Write the data below out exactly as it stands. Do not include the pictures.

[Supplied data]
□ □ □ □ □ □ □
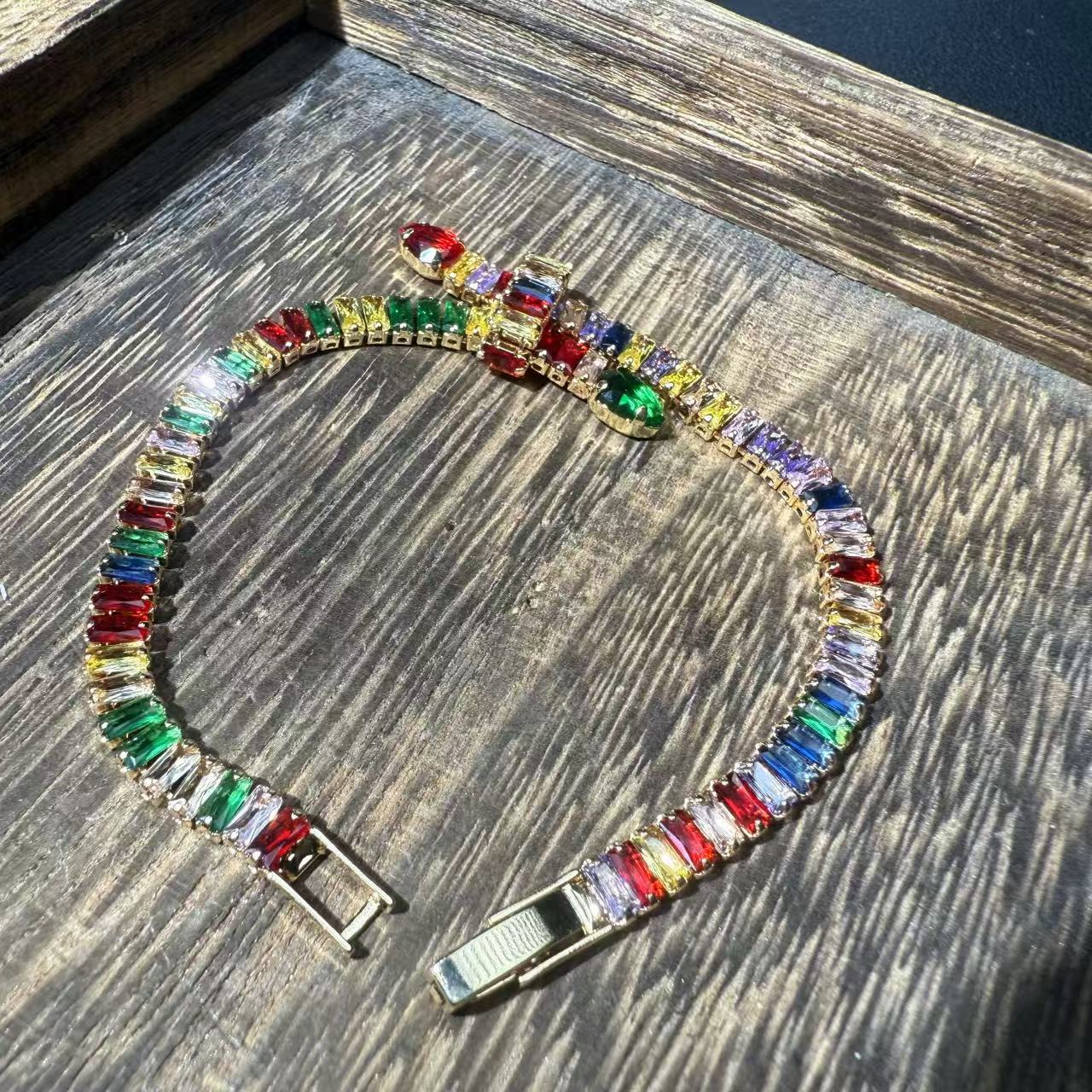 【国检证书+运费险】收藏级 彩钻手链-B298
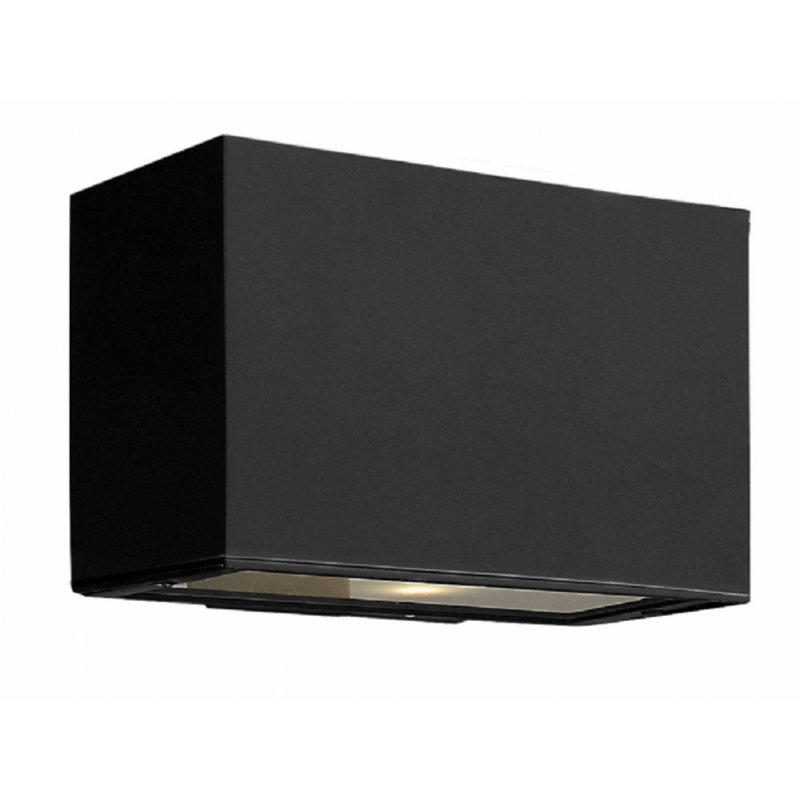 Atlantis 2-Light Outdoor Flush Mount, Satin Black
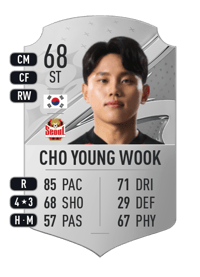 Cho Young Wook Rare 68 OVR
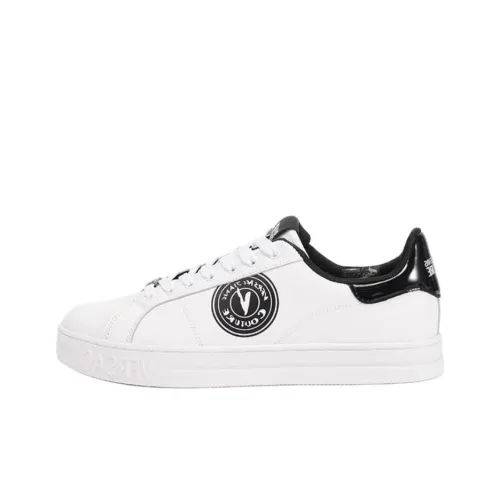 VERSACE JEANS COUTURE Court 88 Low Top Skateboard Shoes Men's White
□ □ □ □ □ □ □
[Response]
 【国检证书+运费险】收藏级 彩钻手链-B298
 Atlantis 2-Light Outdoor Flush Mount, Satin Black
 Cho Young Wook Rare 68 OVR
 VERSACE JEANS COUTURE Court 88 Low Top Skateboard Shoes Men's White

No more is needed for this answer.